I find this remarkably hopeful. God is still speaking. God is still acting, creating, generating newness and possibility. TED Talks make me hopeful, as I see and hear all sorts of creative, innovative people. Remember that elsewhere in the gospels, the stone which the builders rejected became the cornerstone of the new temple, which was Jesus’ body. This is the God of resurrection power, bringing forth life from death. Violence in return for violence is the way of Empire. New life emerging from death and rubble is the way of the kingdom of God, whose coming we pray for.
These are tough times for all of us, whether or not we are directly affected by violence or simply absorb the violence that permeates our society. It is important to be gentle with ourselves, so that we can be forces for gentleness and peace in a violent and combative world. My friend and teacher Maria Sirois offers these words of wisdom for times of tragedy and grief–
When tragedy strikes here is what we can do:
Feel what we feel so that neither grief nor anger become poison within us and so that others have permission to feel all that they feel.

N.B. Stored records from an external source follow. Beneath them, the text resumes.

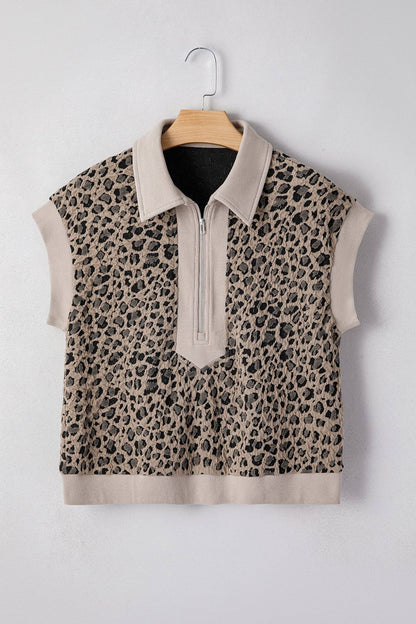 Leopard Textured Zip Polo Top Cap Sleeve Casual Knit: Beige / 85%Polyester+10%Cotton+5%Elastane /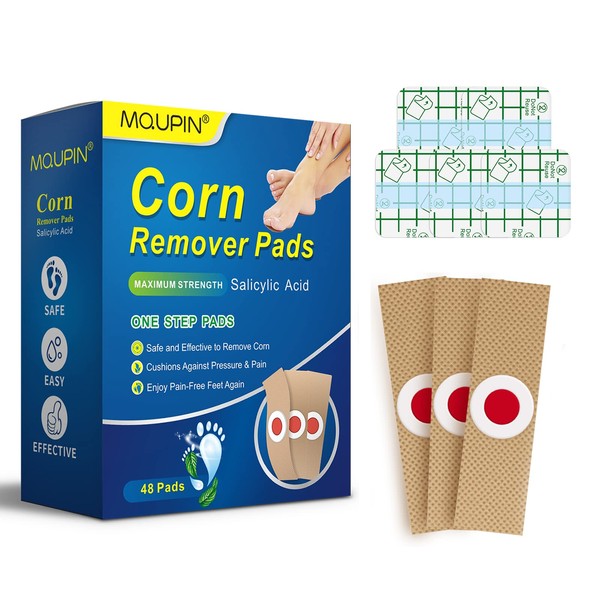 MQUPIN 48 Pcs Corn Removal Pads,Corn Removal Plasters for Feet,Wart Remover, Corn Remover Pads with Hole, Corn Removal Relief Corn Pain and Foot Care, Remove Corns, Calluses, Warts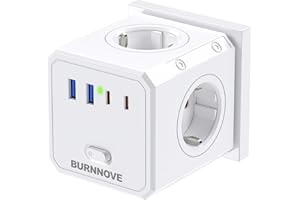 BURNNOVE Cubo Enchufe 8 en 1 Ladron Enchufes 4000W Cubo Enchufes Múltiples Pared con 4 Tomas de CA y 4 USB Cubo Enchufe Multiple Pared con Interruptor para Hogar Oficina Viajes
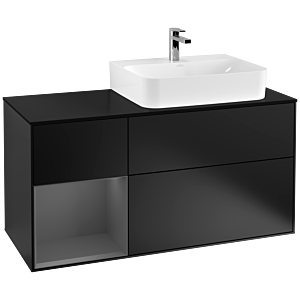 Villeroy und Boch Finion Waschtischunterschrank G142GKPD 120cm, Abdeckplatte black matt, Emotion, Regal links Anthracite matt, Black matt lacquer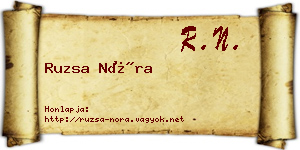 Ruzsa Nóra névjegykártya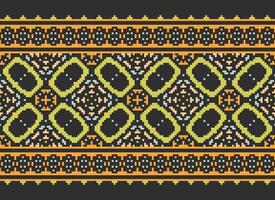 Pixel Ethnic pattern vector background. seamless pattern traditional, Design for background, wallpaper, Batik, fabric, carpet, clothing, wrapping, and textile.ethnic pattern Vector illustration.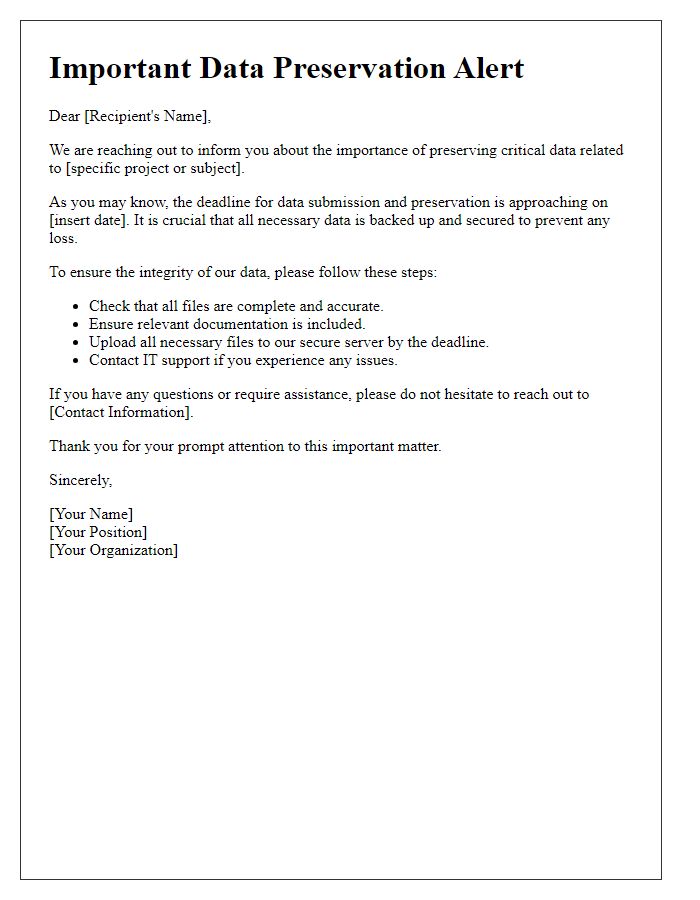 Letter template of important data preservation alert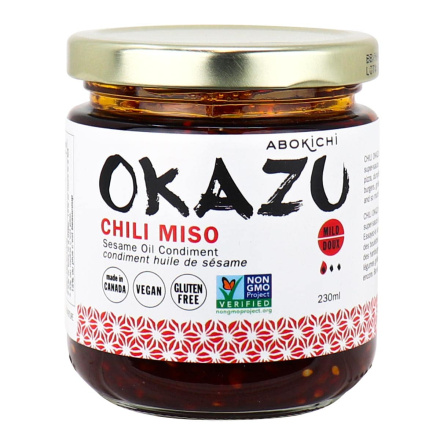 Front of Abokichi Okazu Chili Miso Sesame Oil Condiment, 230mL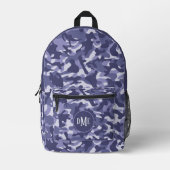 Sac À Dos Imprimé Monogramme Camo Bleu (Recto)
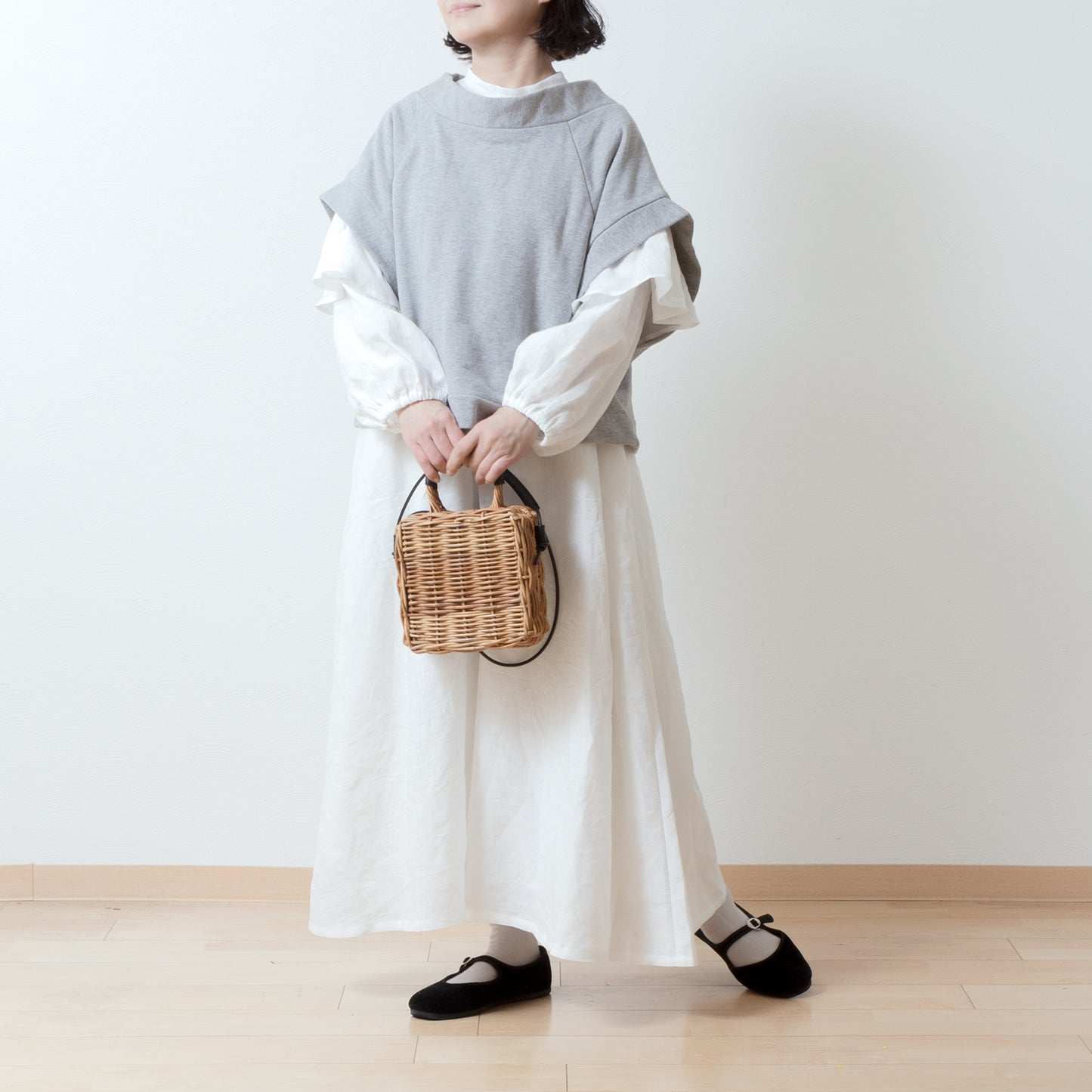 Double sleeve A-line linen dress/off white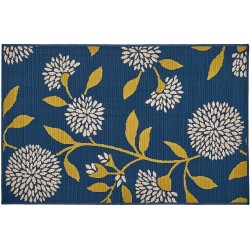 Christopher Knight Home Tilda Outdoor 3'3" x 5' Floral Area Rug Anemone Blue And Green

Bear witness without flinching from darkness.
Tell the truth.
Honor the ordinary heroes among us and those who do the difficult work of holding the story in all its despair and desolation, and those who begin the long hard job of clearing and cleaning, uncovering and naming as much as can be uncovered and named.
Hold onto the bits of light that emerge wherever they do so and from whomever.
Surround those who grieve with care that is authentic and wholehearted.
Love them up, feed them, show up and show up again. Bake if you can, drive if you can, buy milk, buy water, share your memories when they are ready and until then listen. Listen. Listen.
And, however possible, be as a sequoia rooted in your conviction that none of us need go through this alone. [FB post]
And the UCC’s John Dorhauer offers these words of encouragement:
“Moved by grief, let us transform our pain into action. Let us set our hearts and our minds and our hopes on a future of meaningful action that seeks to undo (violence like) this and restore onto us a tomorrow filled with hope and promise.”
My sisters and brothers, may it be so. Amen.